A memorial service for Andrew Phillip G. Schlegel Jr., a former General Motors manager and real estate agent, will be at 7 tonight at Chestnut Grove Presbyterian Church on Sweet Air Road in Phoenix.
Mr. Schlegel, 61, died Monday at Greater Baltimore Medical Center of complications from abdominal surgery.
Born in Philadelphia, he moved to Baltimore as a boy, living in the Northwood area. He went to city schools and later attended Towson State University and the University of Baltimore.
In 1951, he married Margot Petersdorf, who died in 1976.
During the Korean War, he served as a sergeant in the Air Force and was stationed in France. He remained in the reserves until 1958.
Mr. Schlegel worked for 32 years as a production manager at the General Motors plant on Broening Highway. In the early 1980s, he joined Coldwell Banker as a real estate agent, and more recently he worked in manufacturing and sales with Prime Technology in Cockeysville. He retired a year ago.
He and his wife of 15 years, the former Norma K. McGinty, traveled extensively. The Baldwin resident was also an avid golfer and tennis player, and he enjoyed gardening. He was active at Chestnut Grove Presbyterian Church, where he was chairman of the board of deacons until last year.

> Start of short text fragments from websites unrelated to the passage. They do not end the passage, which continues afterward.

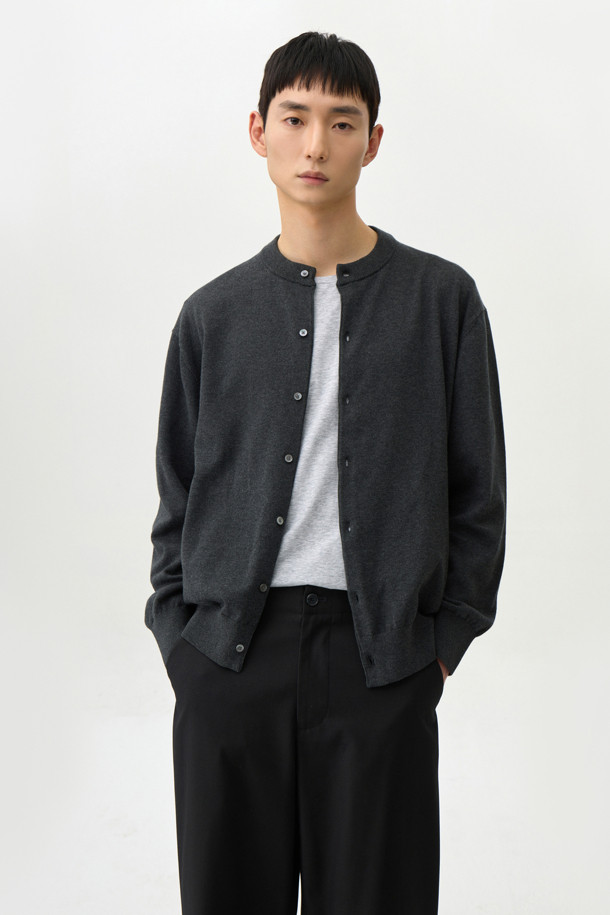 24/7 series - 가디건 - HIGHGAUGE ROUND NECK CARDIGAN (247)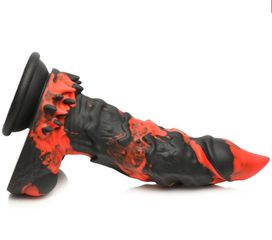 Fire Demon - Monster Silicone Dildo - Red/Black-thumb-4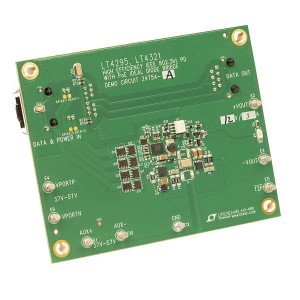 DC2475A-A, Средства разработки интерфейсов LT4295/LT4321 Demo Board - PoE++ (40W, 1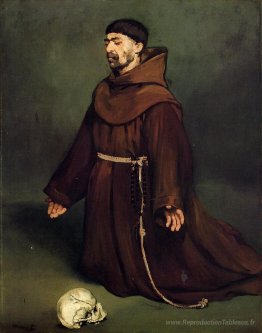 Le moine à la prière
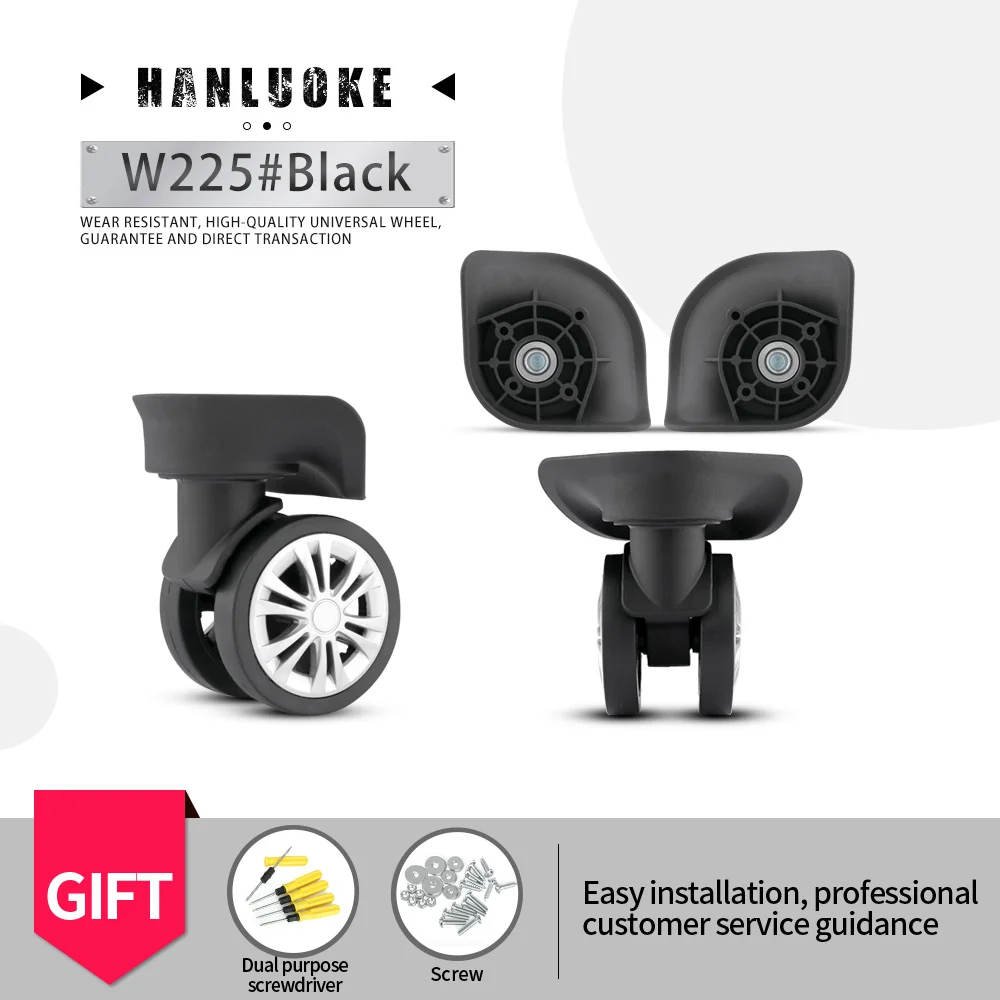 

HANLUOKE SOiling A - 30 Luggage Universal Wheel Accessories Wheel Tool Suitcase Pulley Caster Silent Wheel Silent Repair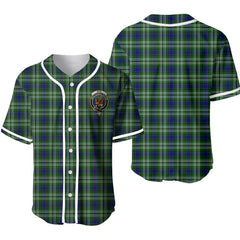 Mow Tartan Crest Baseball Jersey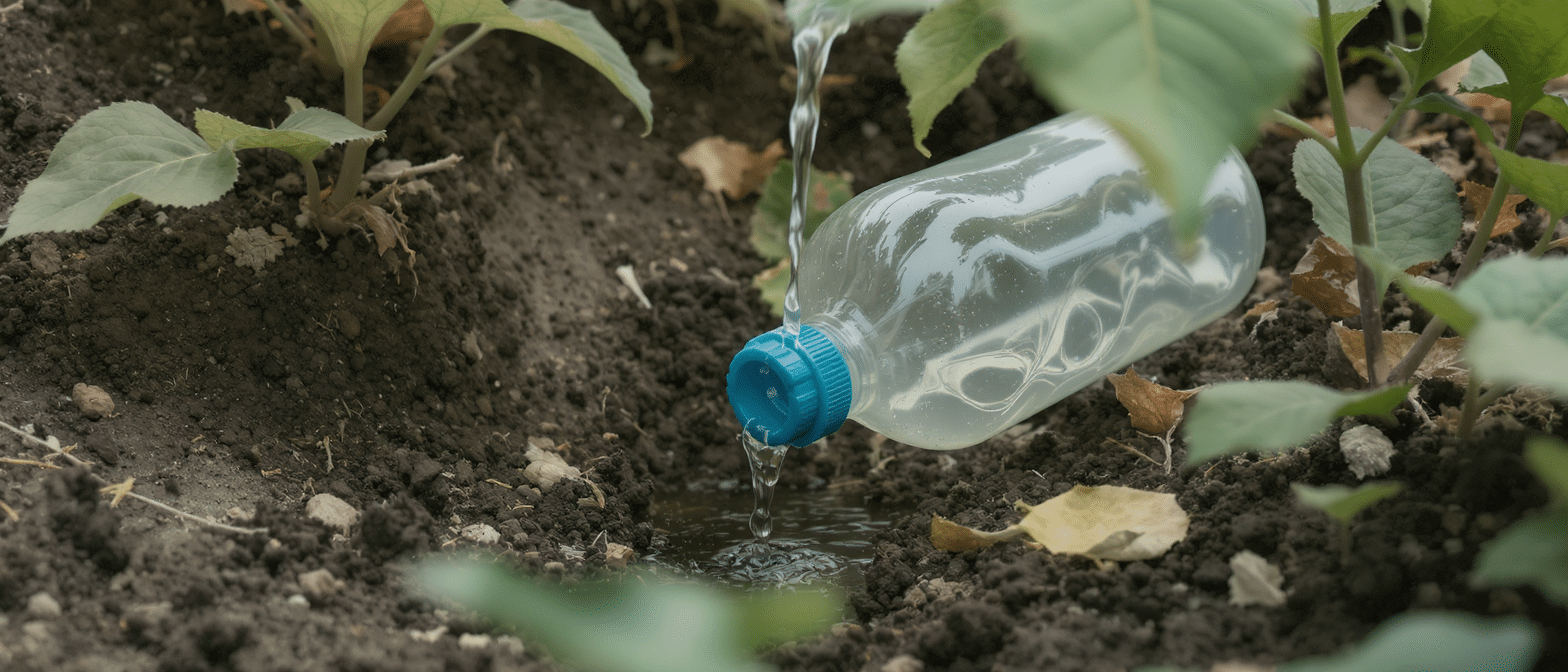 d&eacute;couvrez comment transformer un simple d&eacute;chet en un syst&egrave;me d'arrosage automatique innovant et durable pour r&eacute;volutionner l'entretien de votre jardin.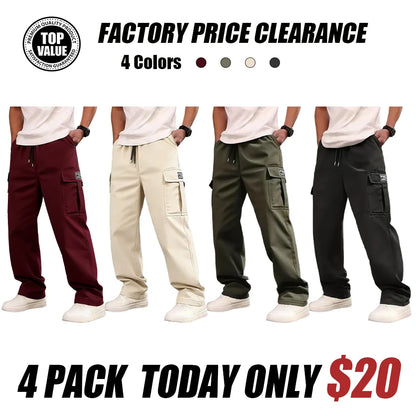 🔥Spring Sale🔥Men's Casual Multi-Pocket Comfortable Trousers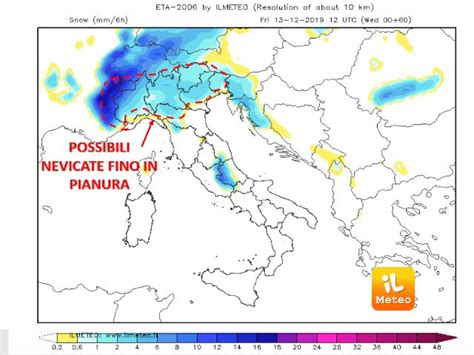 Meteo Neve Ci Siamo Imminente Fino In Pianura Anche Copiosa Ecco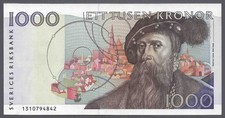 Sweden 1991 (1989 - 1992) 1000 Kronor P 60a3 UNC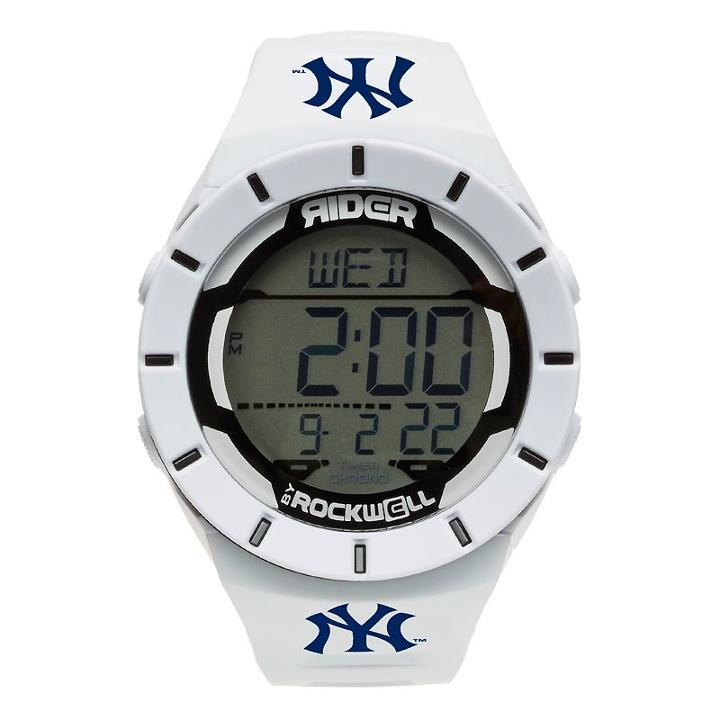 Men's Rockwell New York Yankees Coliseum Digital Watch, White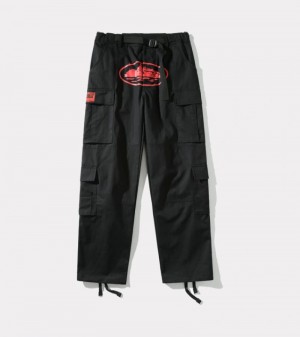 Black / Red Corteiz Purp Guerillaz Cargos | UAE000222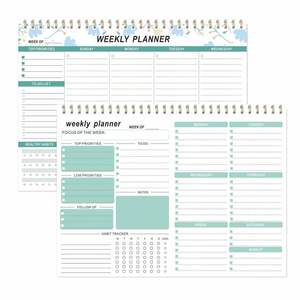 Daily Weekly Magnetic Wall Planner Spiral Bound Desktop Organizer for Kids and Adults Study and Learning Paper <b>Memo</b> <b>Pad</b> - Product Image 6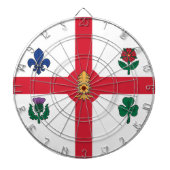 Cible De Fléchettes Dartboard with Flag of Montreal, Canada (Devant)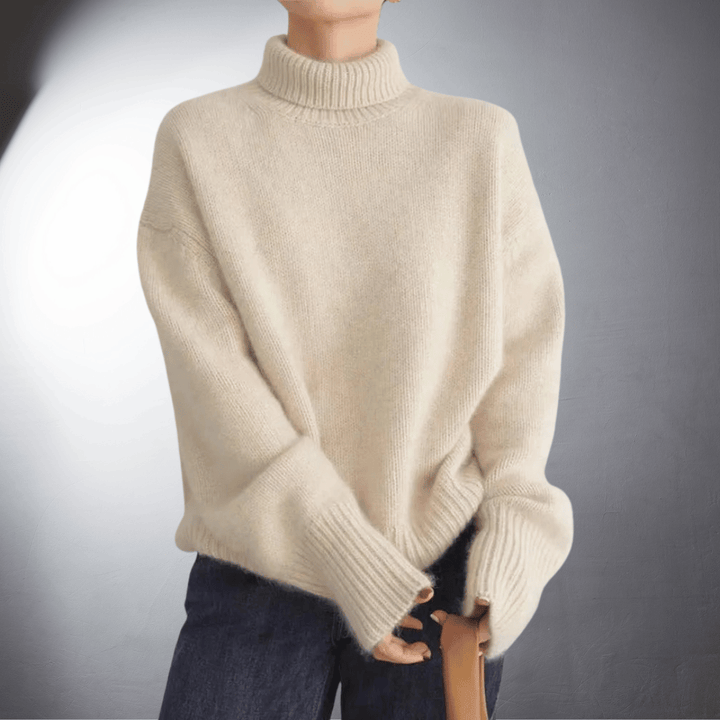 Adalgisa | Rollkragenpullover aus weichem Kaschmir MOKKAKAI
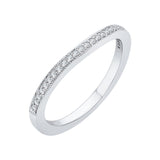 14K White Gold 1/8 ct Diamond Carizza Wedding band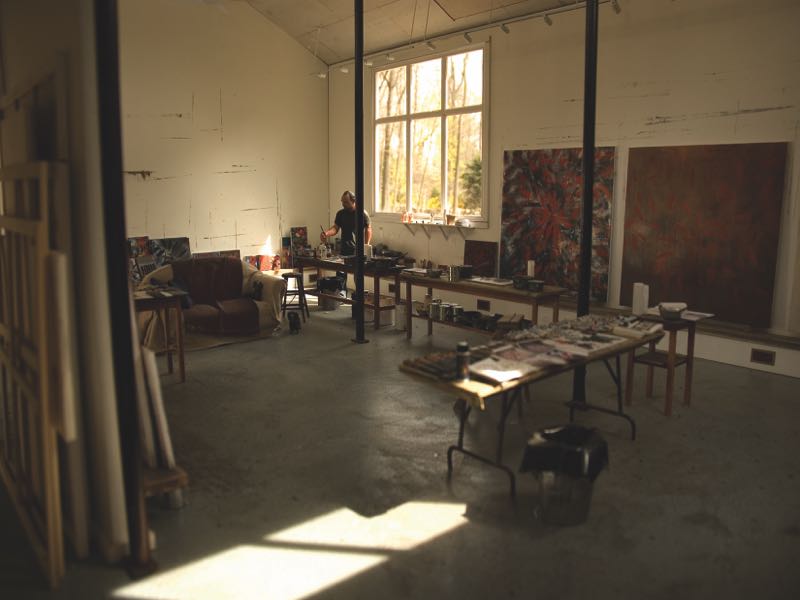 Ross Bloeckner studio by Joe Fig. 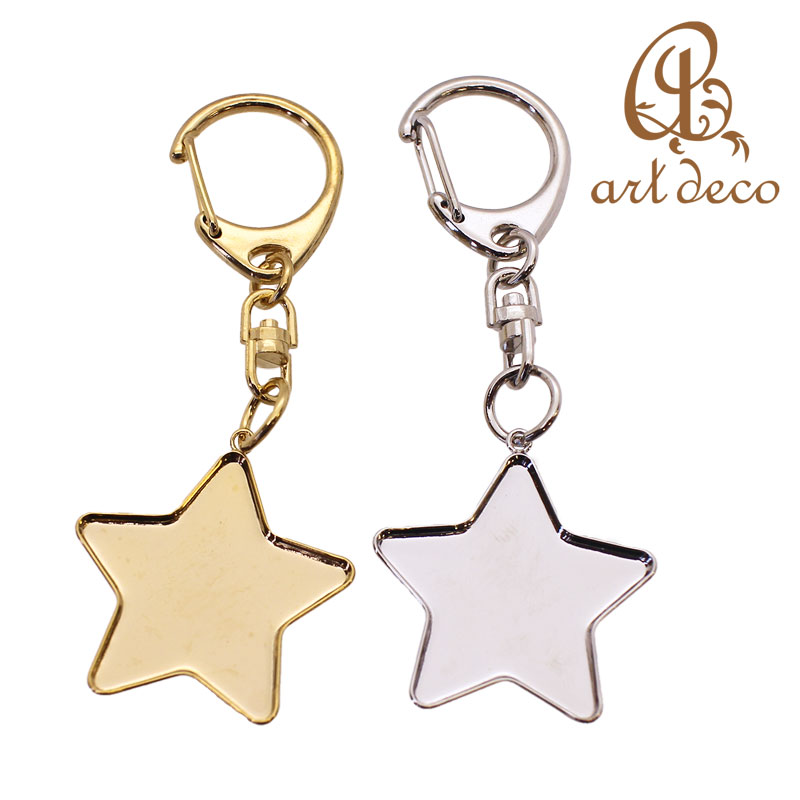 楽天市場】チャーム キーホルダー 星 スター 1個 32mm×26mm アクセサリー パーツ ハンドメイド オリジナル 材料 金具 装飾 カラワク 空枠 : フロコン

In addition to his wife, survivors include one son, Andrew Fred Schlegel of Bel Air; three daughters, Barbara A. Conner of Baltimore, Susan E. Dunning of Laurel and Patricia J. Schlegel of Gunnison, Colo.; his father, Andrew Phillip Schlegel Sr. of Sun City Center, Fla.; two sisters, Jean Darling of Williamsburg, Va., and Betty Lou Chant of Lincoln, Neb.; two stepsons, Michael McGinty of San Diego, Calif., and Kevin McGinty of Pylesville; and eight grandchildren.
The family suggested memorial donations to Chestnut Grove Presbyterian Church or any charity.
Services for Russell W. Underwood, a retired longshoreman, will be held at 11:30 a.m. tomorrow at Fountain Baptist Church, 1215 E. Monument St., where he was a faithful member for 60 years.
Mr. Underwood died Sunday of liver failure at Bon Secours Hospital. He was 74.
He grew up on Eager Street in East Baltimore and attended local PTC schools. For a time, he worked as a paperhanger for his late father, Orville Underwood.
From 1940 to 1980, he was a longshoreman. After his retirement, he and his wife enjoyed travel to family reunions and other trips.
He is survived by his wife, the former Ruby Delphia Oglesby, whom he married in 1944; a daughter, Ruby Jean Underwood of Baltimore; a son, R. Joel Underwood of Phoenix; and three grandchildren.